Geographic IP filtering is a fundamental network security practice: blocking or allowing traffic based on the country of origin of the source IP address. For self-hosted infrastructure, this means automatically maintaining nftables rulesets that block entire countries, protect services from specific regions, or whitelist traffic from trusted locations only.
In this guide, we compare three open-source tools for building and managing GeoIP-based nftables firewall rules: nft-geo-filter, nftables-geoip, and geoipsets. Each takes a different approach to the same problem — translating country codes into nftables sets of IP network ranges.

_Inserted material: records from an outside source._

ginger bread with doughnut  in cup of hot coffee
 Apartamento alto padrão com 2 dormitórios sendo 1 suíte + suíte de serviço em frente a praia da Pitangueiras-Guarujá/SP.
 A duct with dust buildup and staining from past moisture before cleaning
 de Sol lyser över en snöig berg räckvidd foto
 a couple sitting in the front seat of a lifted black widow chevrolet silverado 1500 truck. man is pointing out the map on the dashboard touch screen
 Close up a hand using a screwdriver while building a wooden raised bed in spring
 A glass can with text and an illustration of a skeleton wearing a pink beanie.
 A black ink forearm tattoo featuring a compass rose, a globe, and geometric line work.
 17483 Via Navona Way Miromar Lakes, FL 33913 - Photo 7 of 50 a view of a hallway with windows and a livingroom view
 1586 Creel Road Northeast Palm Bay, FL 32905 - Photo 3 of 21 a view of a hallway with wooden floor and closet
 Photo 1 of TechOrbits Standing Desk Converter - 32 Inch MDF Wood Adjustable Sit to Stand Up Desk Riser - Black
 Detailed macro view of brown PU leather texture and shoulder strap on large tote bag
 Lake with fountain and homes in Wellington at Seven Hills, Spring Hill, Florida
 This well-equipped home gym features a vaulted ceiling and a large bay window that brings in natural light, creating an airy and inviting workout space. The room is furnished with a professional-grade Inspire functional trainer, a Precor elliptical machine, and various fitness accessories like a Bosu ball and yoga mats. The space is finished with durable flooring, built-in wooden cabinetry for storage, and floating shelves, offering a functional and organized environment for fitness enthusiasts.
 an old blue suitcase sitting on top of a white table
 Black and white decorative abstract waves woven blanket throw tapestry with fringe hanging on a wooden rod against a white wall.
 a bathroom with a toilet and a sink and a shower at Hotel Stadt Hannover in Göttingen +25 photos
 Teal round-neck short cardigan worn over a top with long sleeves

Why GeoIP Firewall Filtering?
Geographic IP filtering serves several practical security and operational purposes:
Attack Surface Reduction: The majority of automated attacks — brute-force SSH attempts, port scans, web application exploits — originate from a small set of countries. By blocking traffic from regions where you have no legitimate users, you dramatically reduce the volume of malicious connections your infrastructure must handle.
Compliance Requirements: Some regulations require that certain services only be accessible from specific jurisdictions. Financial services, healthcare systems, and government applications often need geographic access controls to comply with data residency requirements.
Bandwidth Conservation: For services with limited bandwidth, blocking high-volume regions that do not contribute meaningful traffic can reduce costs. This is especially relevant for content delivery, API services, and torrent trackers.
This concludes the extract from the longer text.